GM and Enlighten Enlighten Drivers

Enlighten, an Ann Arbor, Mich.-based interactive design, development and consulting firm, has been tapped by General Motors to help educate consumers about the hazards of driving while distracted.

The agency has created a computer simulation called “D3–The Driver Distraction Demonstration” as part of the GM’s SenseAble driving program, which is being created with the assistance of the public relations firm Hass & Associates, also Ann Arbor. The pilot program launched in late March in Michigan through offices of the Secretary of State and will be rolled out in other states later this year, said Caroline Markey, a GM representative.

The Flash simulation debuted in kiosk format earlier this spring at auto shows and one of the driving scenarios is now available online at Two more scenarios are expected to be added to the site next month. They will feature a harried business executive with his team on the way to an important meeting and a teen trying to get to a concert on time with his friends. A CD-ROM version that could be distributed to consumers is also under consideration.

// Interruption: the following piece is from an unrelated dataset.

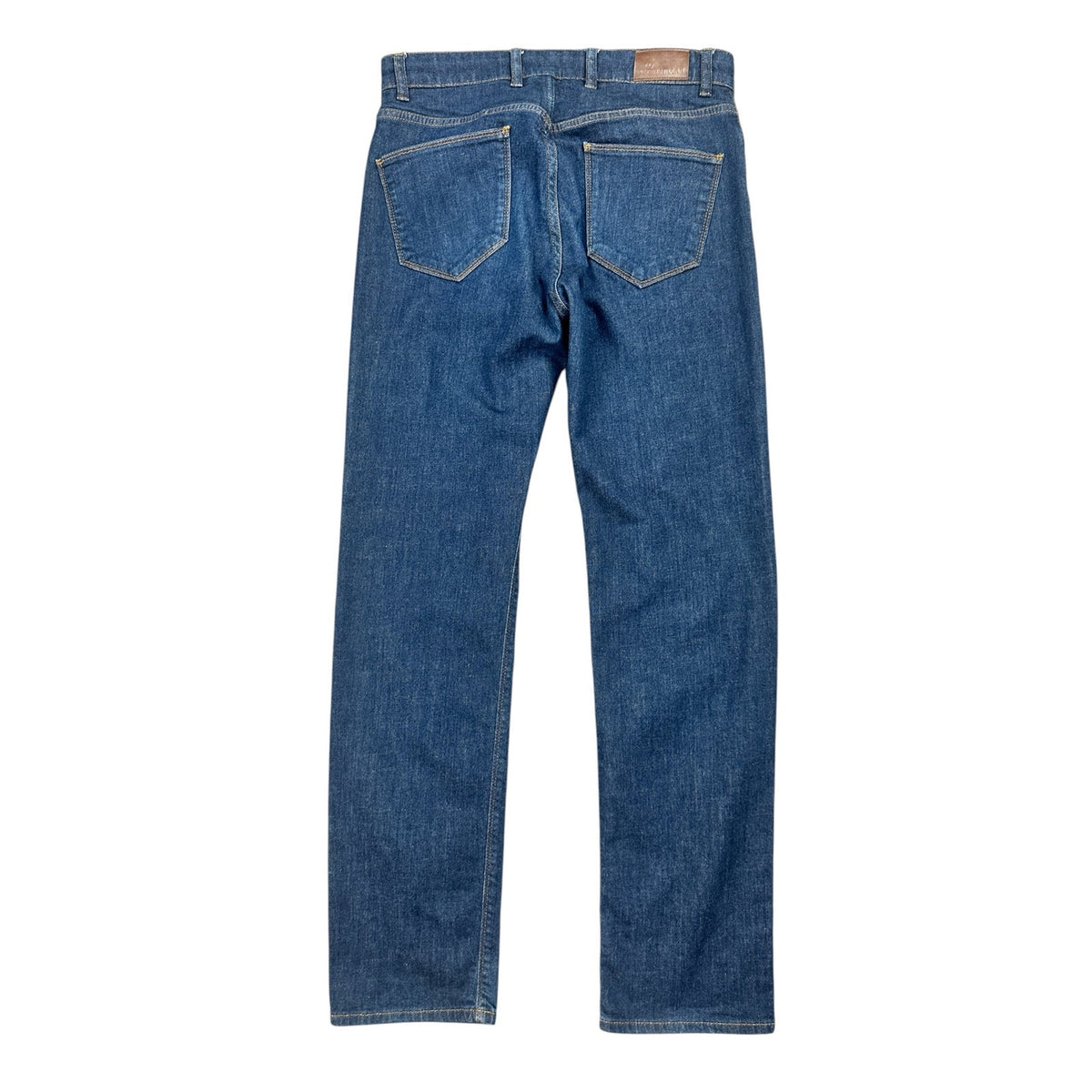 Peter Millar Straight Leg Stretch Denim Jeans — Size 33 // Preowned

The humorous three-minute simulation of a distracted driving experience that’s currently online shows motorists how much they might miss by using cell phones or devoting too much attention to tuning the radio. The simulation had to be serious enough to convey a critical safety message, but compelling enough to keep users engaged, said Steve Glauberman, CEO of Enlighten. It also had to be simple to use, even by non-computer savvy consumers, he said.

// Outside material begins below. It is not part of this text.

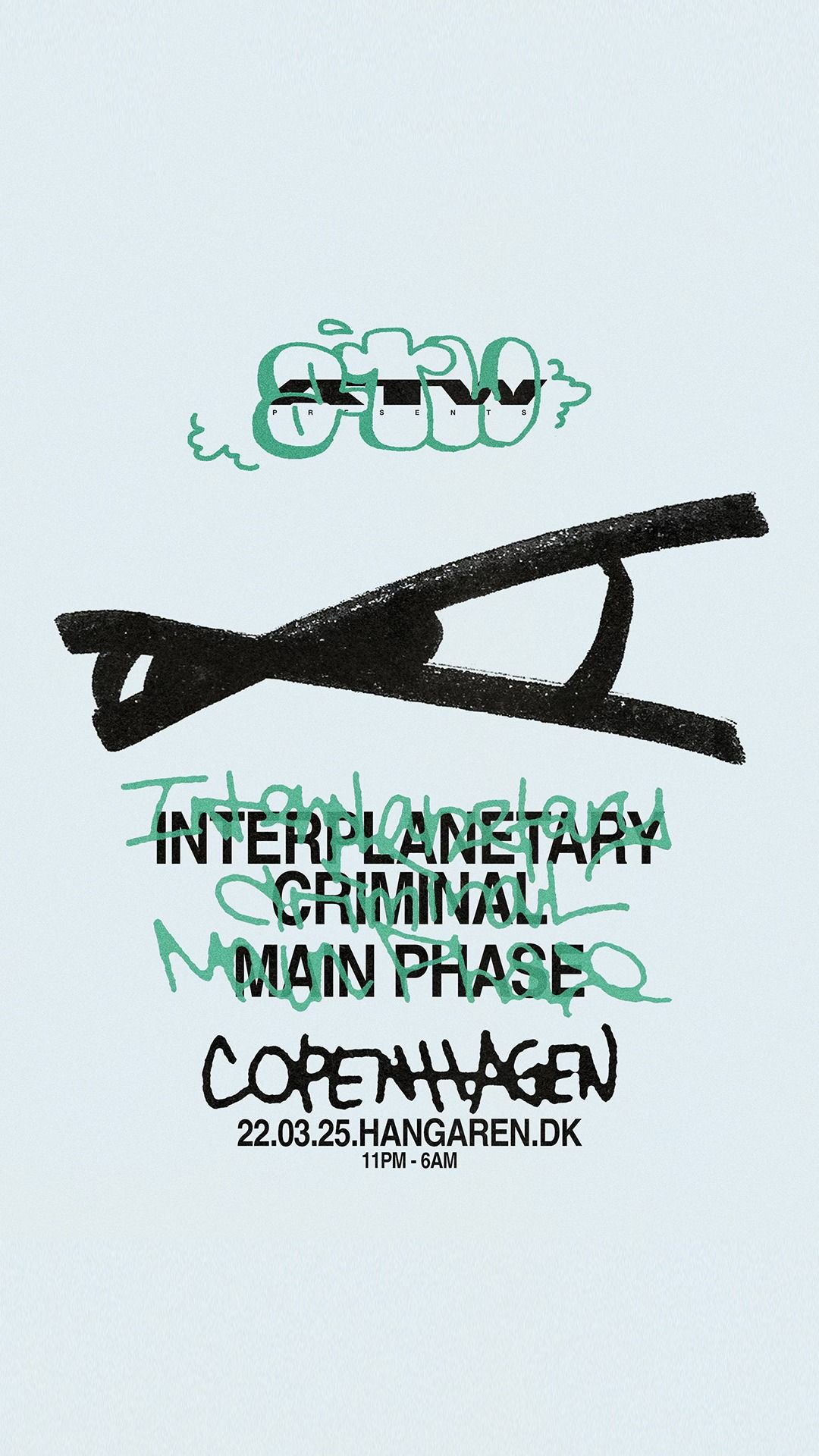 ATW presents Interplanetary Criminal & Main Phase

It features a soccer mom who is rushing a van full of kids to a game. Along the way, she encounters incoming phone calls, annoying requests from passengers, radio tuning and other surprising distractions that detract from her ability to keep the vehicle on the road and maintain a safe speed.

Viewers of the simulation receive feedback along the way from “Hank,” their driving assistant, and are scored on a 100-point “Sense-O-Meter,” depending on the choices they make and the quality of their driving. Detailed feedback at the end of the three-minute driving simulation offers pointers about making better decisions to avoid distracted driving.

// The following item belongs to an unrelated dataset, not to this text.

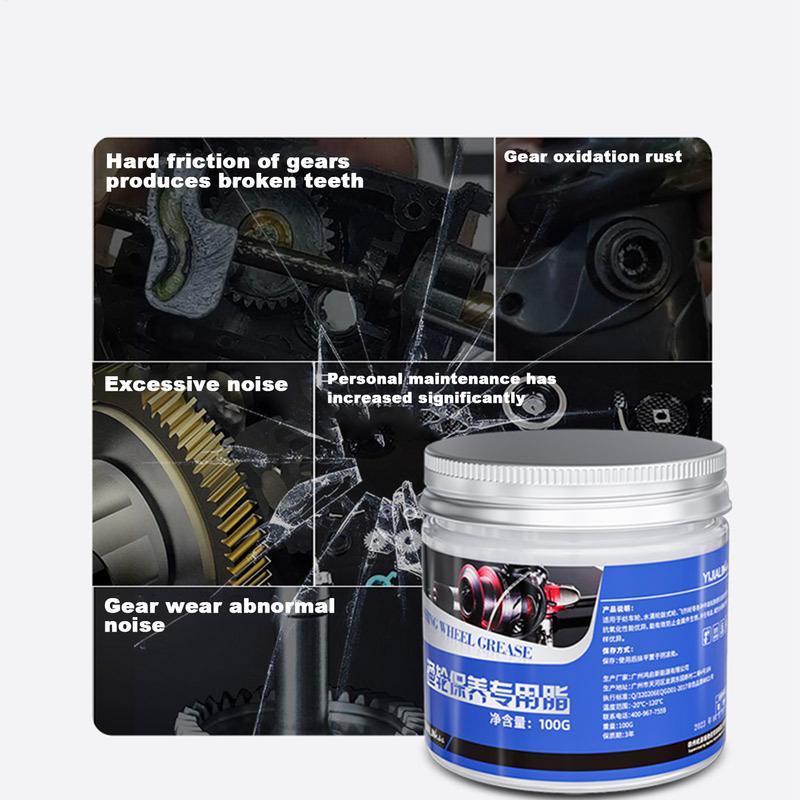 100g Fishing Reel Grease Teard - Reel Grease recensione e prezzo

Enlighten worked closely with GM safety experts in creating the simulation with the goal of teaching consumers that distracted driving includes more than just using a cellular telephone, Glauberman said. Other problematic behaviors include eating drive-thru food or trying to put on makeup or being distracted by rowdy children. Realistically, nothing will probably dissuade consumers from never using a cell phone while in the car, he said. But the simulation aims at prompting them to at lest reduce the number of calls or use hands-free devices, he said.